Lady Emma Barnard is embarking on her year as High Sheriff of West Sussex. This ancient role, dating back to Saxon times, brings together important threads in the life of our nation and County.
We meet at Lady Emma’s Sussex home, Parham House. Thanks to Emma and her family’s stewardship Parham is a gathering and generous place. The April spring weather blesses us with a moment of warmth and light as we sit and talk. She is clearly excited about the coming year and says “I’m really looking forward to celebrating and acknowledging the quiet heroes in West Sussex; those people who add to the richness of life in our county by constantly contributing in so many ways without seeking praise or recognition.” I comment that the exceptional is so often to be found in the everyday and she agrees.
Lady Emma explains that she is not the first High Sheriff to live at Parham “There have only been three families who have lived at Parham and each family has fulfilled the office of High Sheriff. Thomas Palmer was the first in 1571. He inherited Parham from his father and was much regarded by Elizabeth I. The Bisshopps were next. Thomas Bisshopp was High Sheriff in 1583 before he bought Parham in 1601. His son, Sir Edward, held the office in 1636 under Charles I. The Hon. Robert Curzon followed under William IV in 1834. Then there was my great-grandfather, Clive Pearson, who fell in love with Parham and carefully restored this fine Elizabethan house during the 1920s and ‘30s. I have inherited his delight in sharing the joys of Parham with visitors. It is extraordinary to think that he was the High Sheriff in 1940 as the Battle of Britain was being fought in the skies over Sussex.”
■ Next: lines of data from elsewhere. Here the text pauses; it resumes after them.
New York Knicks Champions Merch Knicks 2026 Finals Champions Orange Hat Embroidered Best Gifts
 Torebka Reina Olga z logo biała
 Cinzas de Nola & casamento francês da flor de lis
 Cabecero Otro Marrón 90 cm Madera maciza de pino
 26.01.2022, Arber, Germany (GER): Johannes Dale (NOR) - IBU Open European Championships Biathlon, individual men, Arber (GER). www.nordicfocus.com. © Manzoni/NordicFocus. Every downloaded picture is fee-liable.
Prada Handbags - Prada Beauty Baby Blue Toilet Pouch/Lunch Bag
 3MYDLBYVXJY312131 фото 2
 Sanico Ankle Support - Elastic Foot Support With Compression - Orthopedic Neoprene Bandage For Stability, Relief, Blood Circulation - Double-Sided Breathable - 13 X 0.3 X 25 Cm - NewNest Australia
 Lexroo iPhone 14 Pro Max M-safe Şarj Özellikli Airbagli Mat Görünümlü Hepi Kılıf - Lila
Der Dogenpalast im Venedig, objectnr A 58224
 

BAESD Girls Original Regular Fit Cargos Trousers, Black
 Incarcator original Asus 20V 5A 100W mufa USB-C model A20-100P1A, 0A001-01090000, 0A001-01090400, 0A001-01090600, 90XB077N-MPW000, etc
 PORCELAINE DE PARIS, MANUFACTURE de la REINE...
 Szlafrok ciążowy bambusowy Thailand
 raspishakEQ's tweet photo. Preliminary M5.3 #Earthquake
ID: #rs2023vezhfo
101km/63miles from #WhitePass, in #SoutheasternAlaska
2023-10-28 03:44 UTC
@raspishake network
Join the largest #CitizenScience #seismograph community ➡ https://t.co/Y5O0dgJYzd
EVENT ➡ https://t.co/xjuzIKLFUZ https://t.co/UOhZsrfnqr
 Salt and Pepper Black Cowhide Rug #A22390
Like Parham the role of High Sheriff is steeped in history. Originally known as Shire Reeves they were Royal officials appointed to enforce the King’s interests in the County. In particular they were responsible for the collection of revenues and the enforcement of law and order. Their extensive powers included the right to summon a ‘posse comitatus’, a military force, to enforce the law. It has often been suggested that it was Queen Elizabeth I who first marked the appointment of her High Sheriffs by pricking their names through on the Sheriff’s Roll. In fact there are earlier vellum examples dating back to the reign of Henry VII. Nevertheless the tradition of the Monarch pricking the names of the High Sheriffs continues to this day.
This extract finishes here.